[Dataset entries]
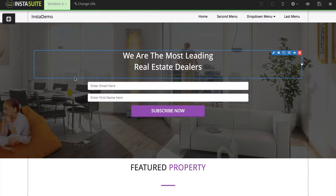Animation is a great way to capture the attention of your visitors, and we've made it easy to animate any element on your website.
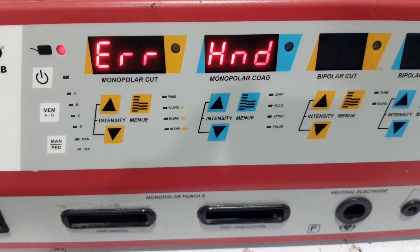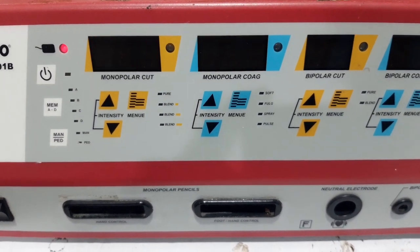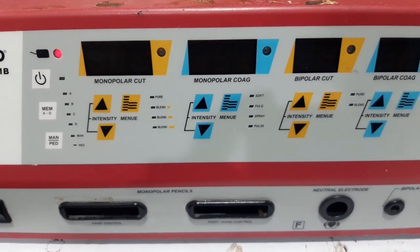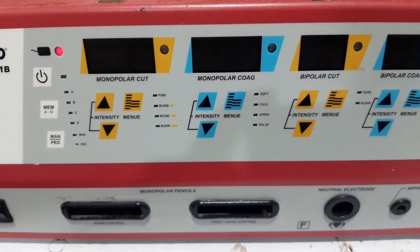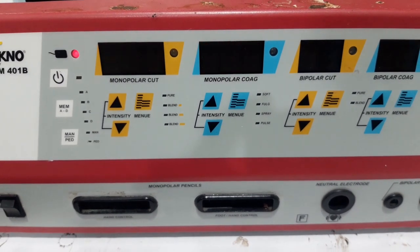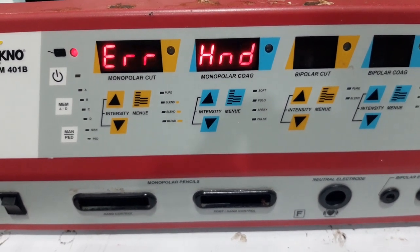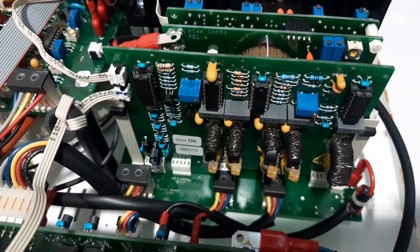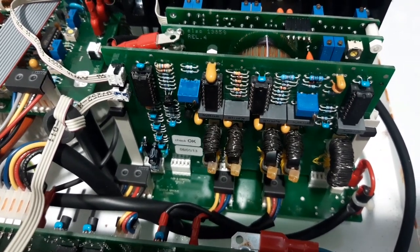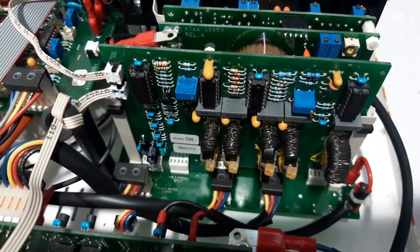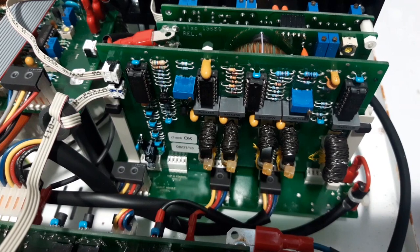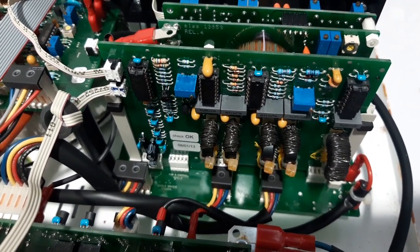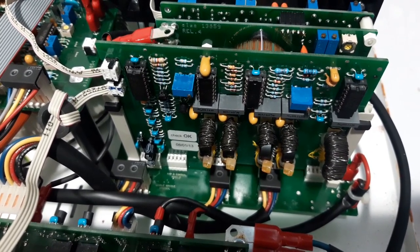I have this electrosurgical unit and it has an error as you can see. This error is related to this board, so we are going to remove this board and troubleshoot it.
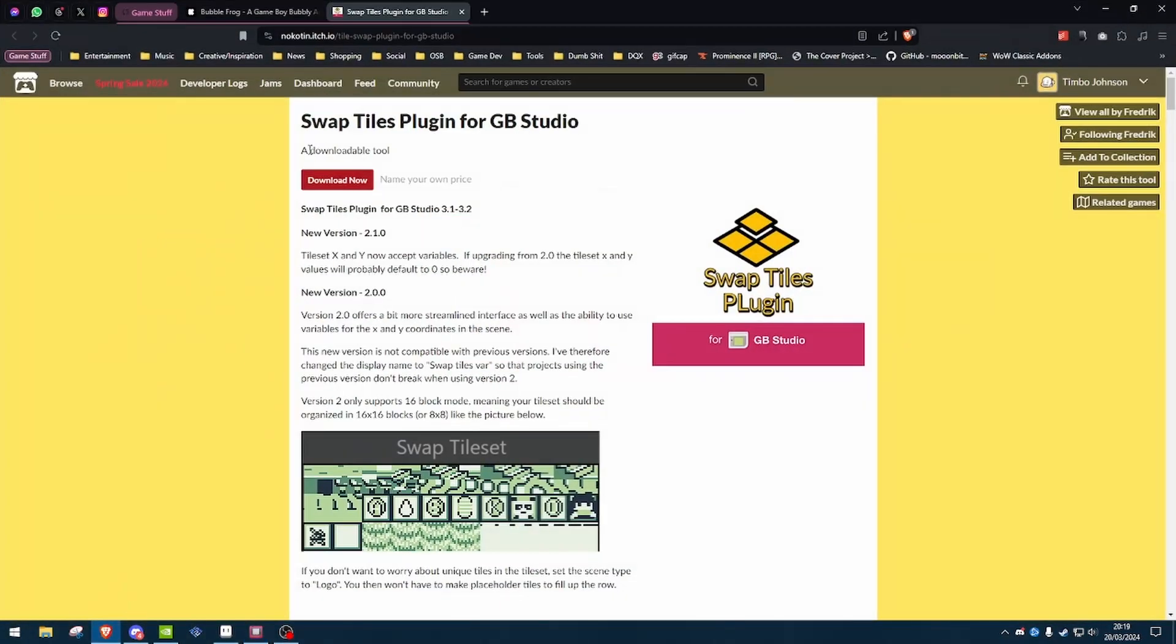So I've recently been using the Swap Tile plugin for GB Studio. Absolutely amazing tool. I couldn't get my head around how to do tile swapping otherwise, and this has completely saved the day for me.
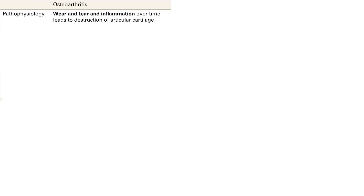Let's talk about pathology of joints. Starting with osteoarthritis, let's focus on the pathophysiology because this is super important and very relevant. Osteoarthritis is when you get wear and tear leading to damage, and when you get damage you get inflammation. That inflammation leads to destruction of the articular cartilage that lines the bone, which provides a smoother surface so you don't have bone grinding on bone causing pain. Note that this is a degenerative disease — that's key.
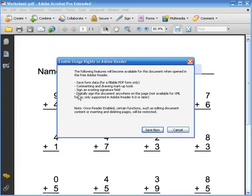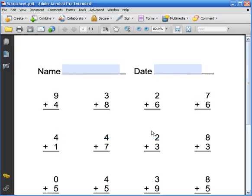The dialog box comes up and you can see that once I select this it allows students to save form data in those fields that you created and also use the commenting and drawing markup tools.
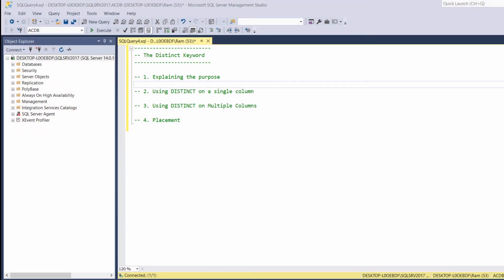Hi, this is Ram from ramkelem.com. In this lesson, we are going to learn how to use the distinct keyword.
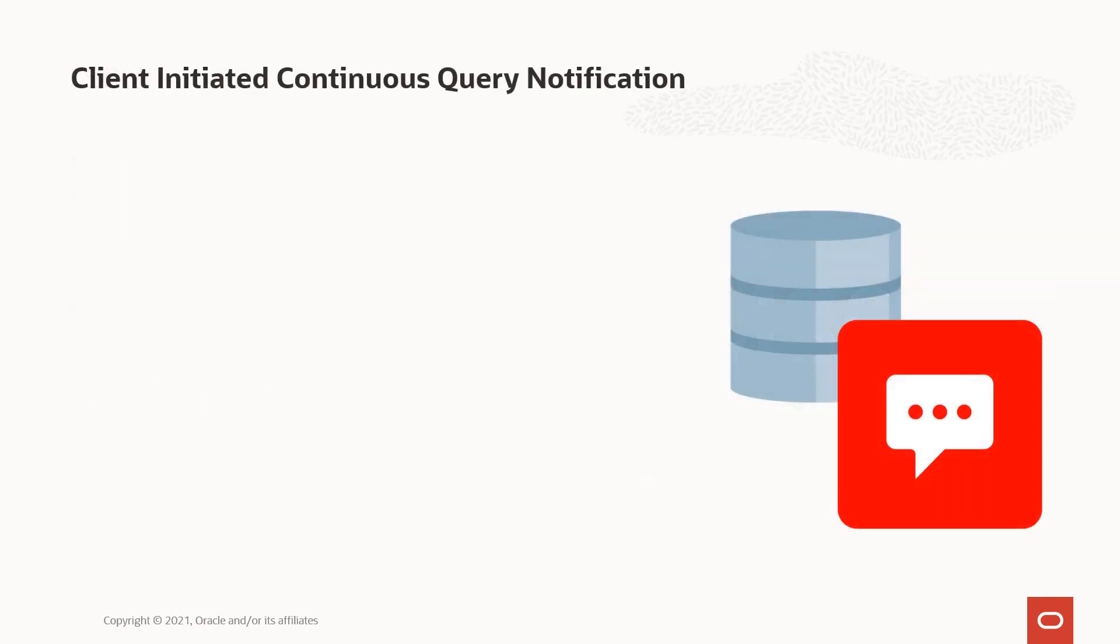The second major feature is client initiated continuous query notification. Now to understand what CI CQN is, let me tell you a little bit about the traditional continuous query notification or CQN. Traditional CQN allows you to take a cached result set, something like a .NET dataset, and ensure that it will not be out of sync with your database results.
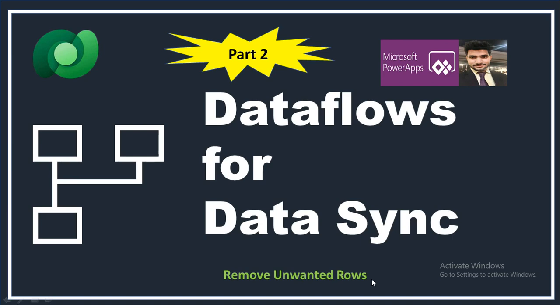Hey everyone, this is Prashant Chaudhary. I welcome you all to my channel Classy Power App. This is part two of the Dataflows for Data Sync video series.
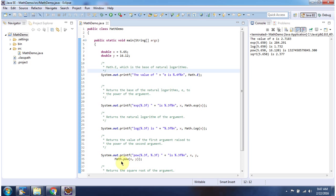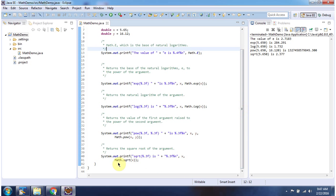Here I am demonstrating Math.pow and Math.sqrt and here you can see the output. And this is about exponential and logarithmic methods of Math class — thanks for watching.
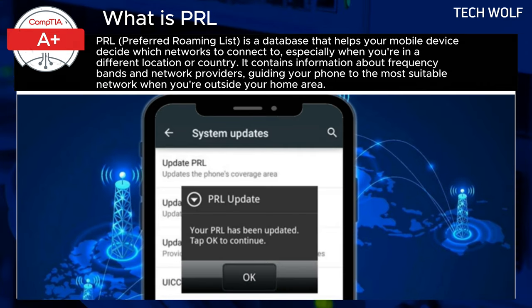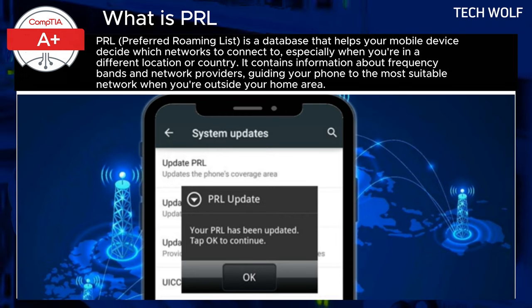Once you start the update, your device will automatically connect to your carrier's network and check for any available PRL updates. If an update is found, it will be downloaded and applied. Depending on your phone and carrier, you may see a progress bar and a notification confirming the update is complete. Afterward, your device will be ready to ensure optimal connectivity.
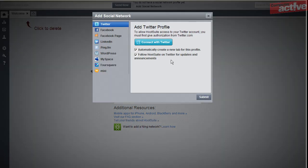We're going to add a Twitter account. That's the top option, which is already selected. Click on the Connect with Twitter button.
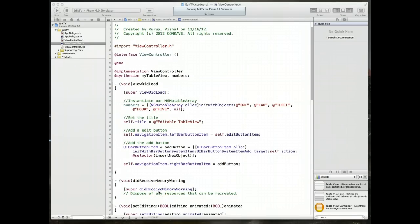All right guys, we're down to the final couple lines of code that we need to be able to actually add items to our UI table view.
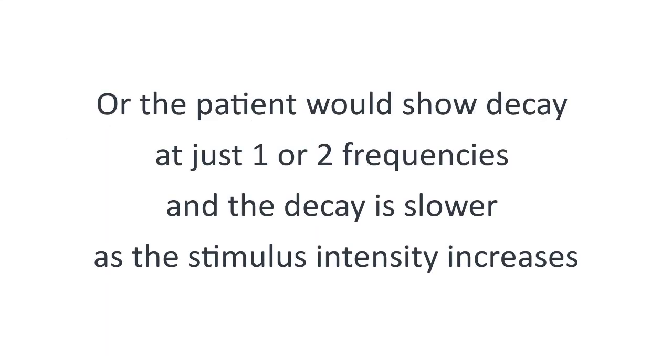Or the patient would show decay at just one or two frequencies, and the decay is slower as the stimulus intensity increases.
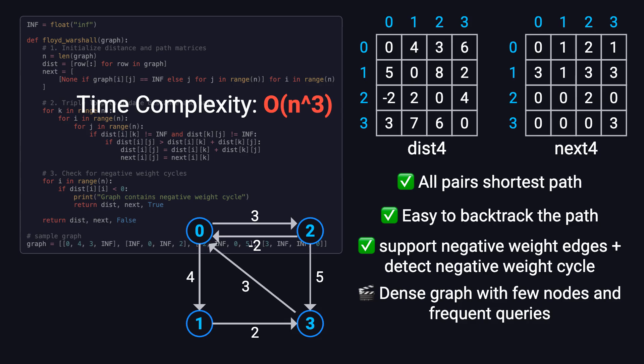Alright, that's it for today's video on the Floyd-Warshall algorithm. If you found it helpful, be sure to give it a like, leave a comment, and subscribe to the channel. Your support really helps me keep making more videos like this. Thanks for watching, and I'll see you in the next one.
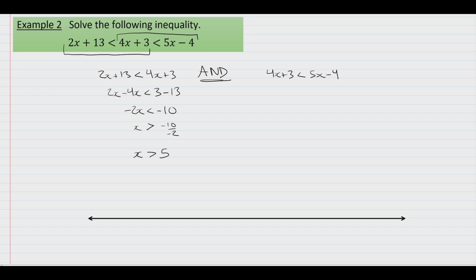Moving over to the right inequality: 4x plus 3 is less than 5x minus 4. Again, we'll put the x's on the left side. So we have 4x minus 5x is less than negative 4 minus 3. That gives us negative x is less than negative 7. We solve for x by dividing through by negative 1, making sure to switch the inequality, giving us x is greater than 7.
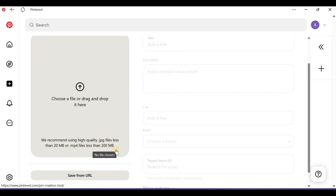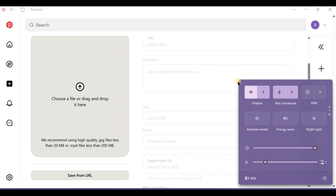Ensure you have a stable internet connection. Sometimes a slow connection can cause image quality to degrade while they load. Try switching between Wi-Fi and mobile data to see if this resolves the issue.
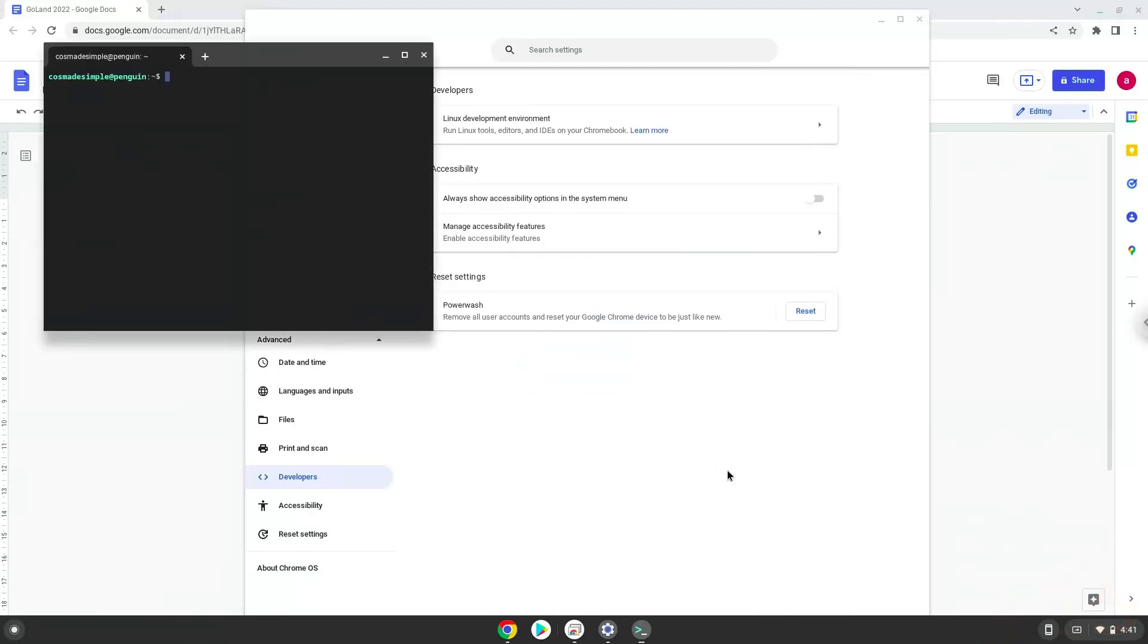Now that we have enabled Linux apps on our system, we will continue to the next step, which is to run several commands in a terminal, which will install the application. The commands are in the video description.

• [EXERCISE REQUIREMENTS]:
The reply should hold an exact repeat of the entries from their opening line through the line with "Hi, this is", and no pictures at all.

• [SOLUTION BELOW]:
Animation is a great way to capture the attention of your visitors, and we've made it easy to animate any element on your website.
I have this electrosurgical unit and it has an error as you can see. This error is related to this board, so we are going to remove this board and troubleshoot it.
So I've recently been using the Swap Tile plugin for GB Studio. Absolutely amazing tool. I couldn't get my head around how to do tile swapping otherwise, and this has completely saved the day for me.
Let's talk about pathology of joints. Starting with osteoarthritis, let's focus on the pathophysiology because this is super important and very relevant. Osteoarthritis is when you get wear and tear leading to damage, and when you get damage you get inflammation. That inflammation leads to destruction of the articular cartilage that lines the bone, which provides a smoother surface so you don't have bone grinding on bone causing pain. Note that this is a degenerative disease — that's key.
The dialog box comes up and you can see that once I select this it allows students to save form data in those fields that you created and also use the commenting and drawing markup tools.
Hi, this is Ram from ramkelem.com. In this lesson, we are going to learn how to use the distinct keyword.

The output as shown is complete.